In the last decades, parallel processing systems are used in most applications. In these systems, task scheduling problems are considered as an important issue in managing multiprocessors. The challenge in task scheduling problems is to find the best schedule that achieves the best efficiency and the minimum make span in a reasonable amount of time. The classical methods used for solving these problems consume more time in this computing environment. In this thesis, a new hybrid meta-heuristic algorithm called Greedy Randomized Adaptive Search Procedure based Genetic Algorithm (GRASP-GA) is proposed to handle such problems.

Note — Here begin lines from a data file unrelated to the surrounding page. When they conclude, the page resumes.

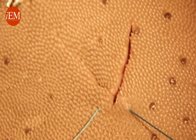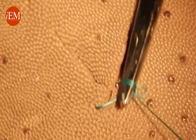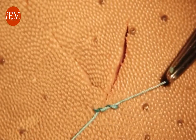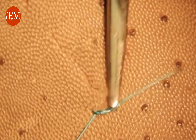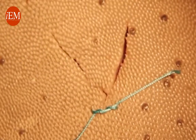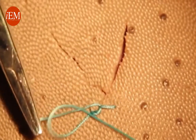Now we're going to tie the corner. We pull — just enough to have the corner fall in place — and tie the other throw to make the square knot.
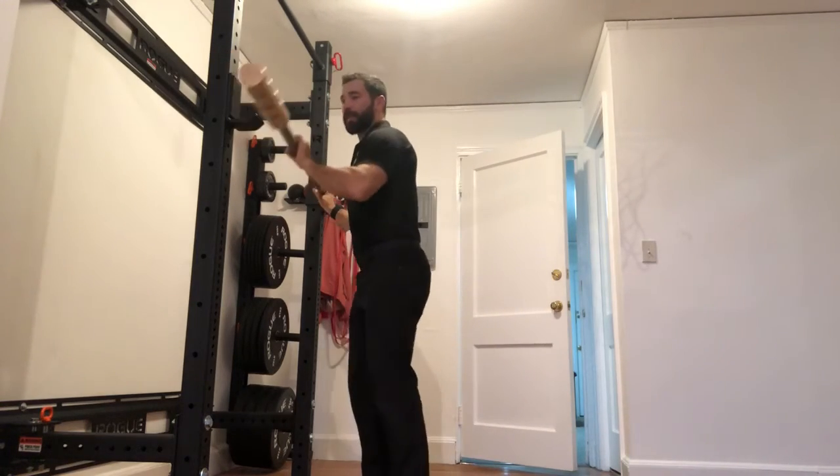Just to give you a reference point: you should be able to do somewhere around five reps of your 80% back squat in the good morning, and that's a lot for most people — we're nowhere close to that for a lot of us. So if you're looking to build strength out of the hole or build strength with your deadlifts, this is a great way to do that.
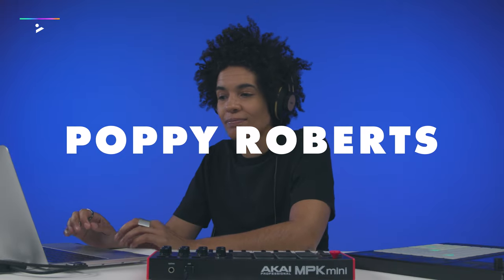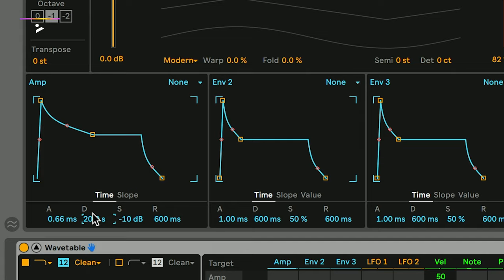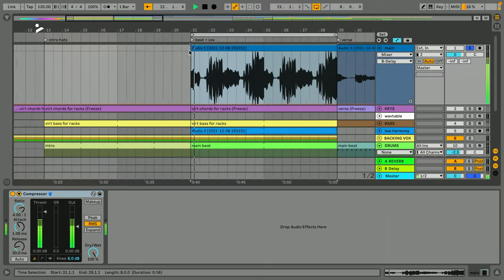Hi, I'm Poppy Roberts. This is the Ableton Live Foundation course. Whether you've produced music before or you're brand new to beat making, this course will give you all the training, tips and techniques you need, covering all of the essential features to allow you to start making music right away.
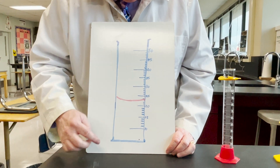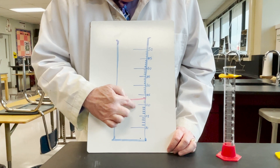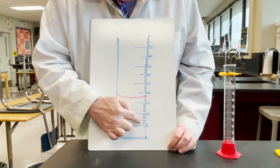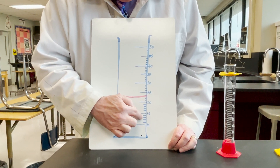So how do you read this? You see the 10, 15, 20, 25, 30, and then between the 10 and the 15 there are four lines, so that would be 11, 12, 13, 14.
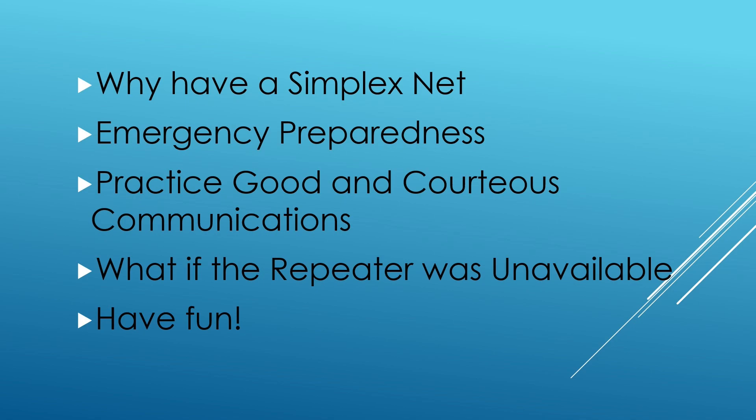The reason we run a simplex net is if our repeater did go out, we could still get information out into the community — in our case, the Lake Cumberland area in southeastern Kentucky. We cover just about the entire lake with our simplex net and much further north, south, and west. Without a repeater, you need stations to be listening, much like an HF net. This is also great for emergency preparedness when a tornado takes out the repeater, or an ice storm knocks out power at the tower.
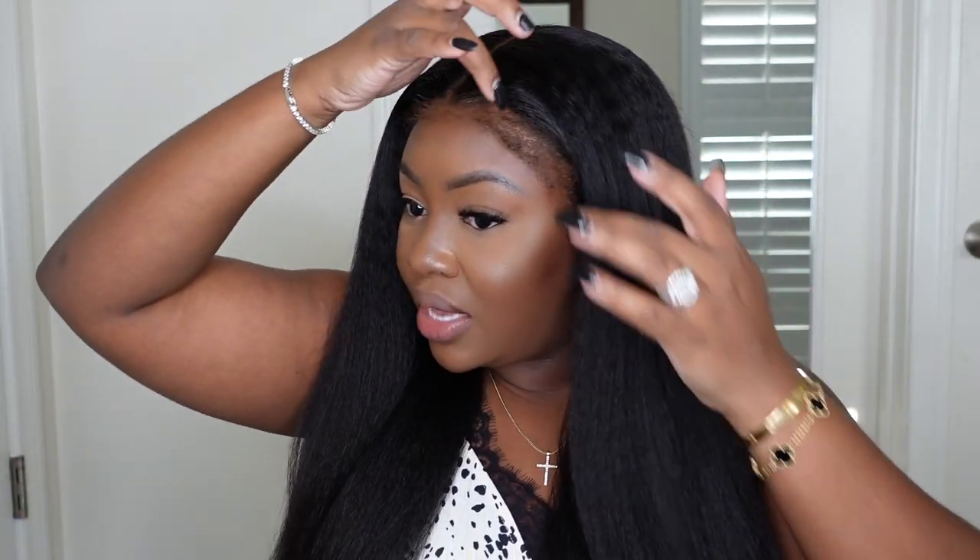Coming to you with the final look — this is what it looks like installed. I did a small heat pass on the ends. This is a couple days later. I did do a fishtail braid on one side, but I wasn't feeling it because I made it too thin, so I'm just showing you the hair natural and down. The star of the show on this one is the hairline — this is called hyper realism kinky edges on HD lace. Once it was installed, I realized I really didn't need to tweeze them out.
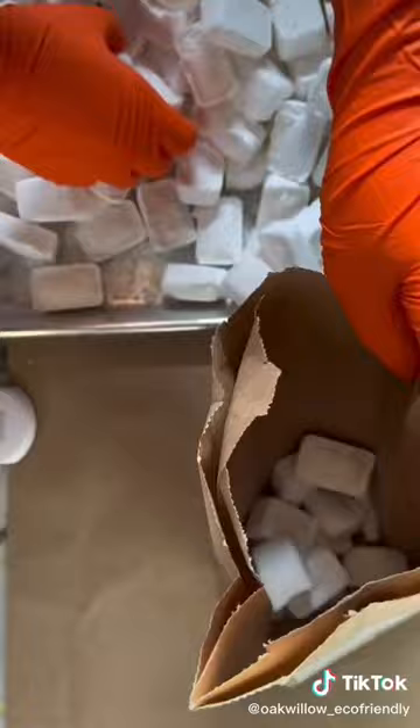You use them just like normal tablets — drop it right into the tablet container, hit start, and you are good to go. These tablets are all hand pressed and work great.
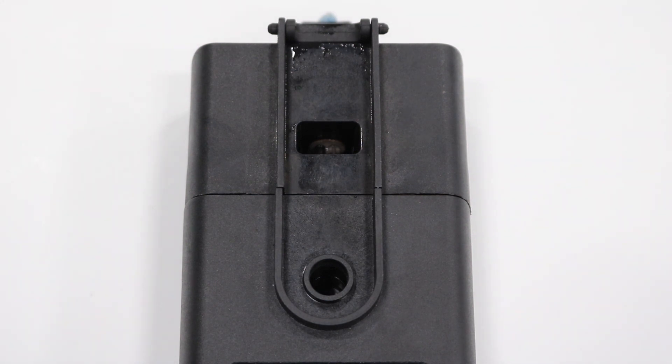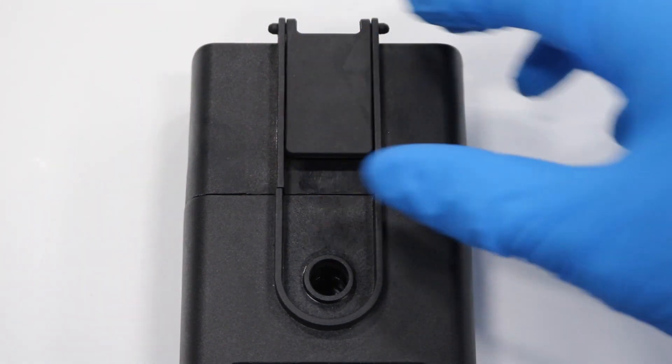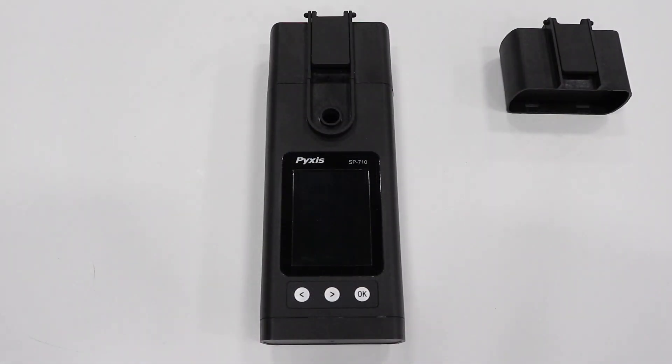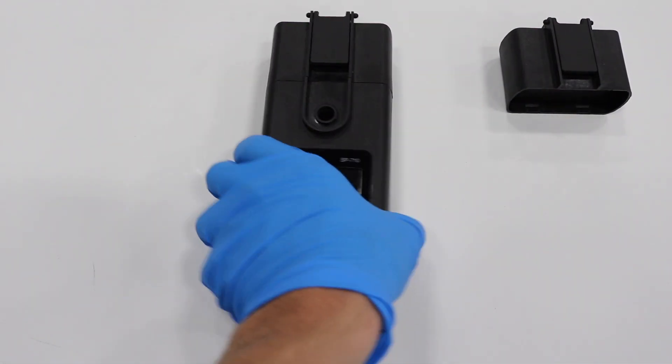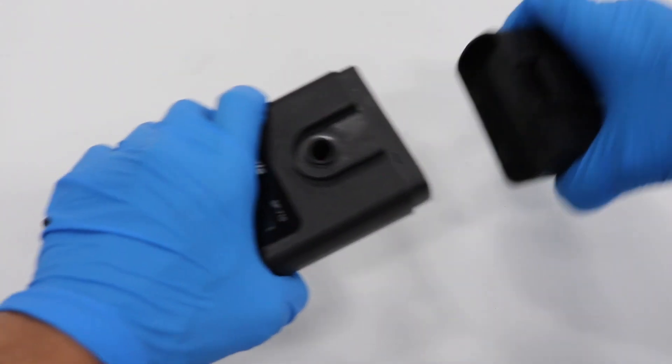When removing the old module, make sure that it is powered off by shutting the lid in order to continue. Start by simply removing the old PHORP module from the top of the unit and placing the new one on.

In the proposed algorithm, the greedy randomized adaptive search procedure is adopted to construct a population of high-quality solutions. Then, the genetic algorithm is applied on the constructed population to improve these solutions. Two heuristic functions are adopted to guide GRASP, bottom-level and top-level. The proposed GRASP-GA is verified against a set of the state-of-the-art algorithms using some test problems that considered as benchmarks. The experimental results indicated the superiority of the proposed GRASP-GA over all the tested algorithms. Since, it can achieve the best performance in all test problems used in this experiment. Although the experimental results ensure the GRASP-GA is a good competitor and can be considered as a viable alternative. It is observed that GRASP-GA consumes more running time to find the best solution. To overcome this problem, a new hybrid metaheuristic algorithm called Greedy Randomized Adaptive Search Procedure based Simulated Annealing (GRASP-SA) is proposed to handle such problems.

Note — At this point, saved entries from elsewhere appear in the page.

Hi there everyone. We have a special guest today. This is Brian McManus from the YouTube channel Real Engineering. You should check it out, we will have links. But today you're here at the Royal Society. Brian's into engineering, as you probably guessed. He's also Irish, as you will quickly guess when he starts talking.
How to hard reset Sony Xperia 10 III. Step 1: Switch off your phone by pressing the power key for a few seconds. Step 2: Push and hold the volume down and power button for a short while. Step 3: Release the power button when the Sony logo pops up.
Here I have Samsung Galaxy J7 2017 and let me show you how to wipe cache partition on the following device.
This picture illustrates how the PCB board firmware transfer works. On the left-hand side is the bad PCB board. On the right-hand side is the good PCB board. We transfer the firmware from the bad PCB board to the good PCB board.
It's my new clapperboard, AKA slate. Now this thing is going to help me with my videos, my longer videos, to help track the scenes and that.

In this proposal, GRASP algorithm is modified by adopting Simulated Annealing procedure instead of classical local search procedure used in GRASP. This leads to improve the classical GRASP through adding more capabilities to escape local optima. To identify the influence of the proposed modifications, the proposed GRASP-SA is verified against the original GRASP, the original SA and the recently developed GRASP-GA using the same set of bench-mark problems. The results indicate the proposed GRASP-SA has two-fold superiority over its competitors. It can achieve the schedule with the minimum make span for most test problems through the minimum running time for most test problems.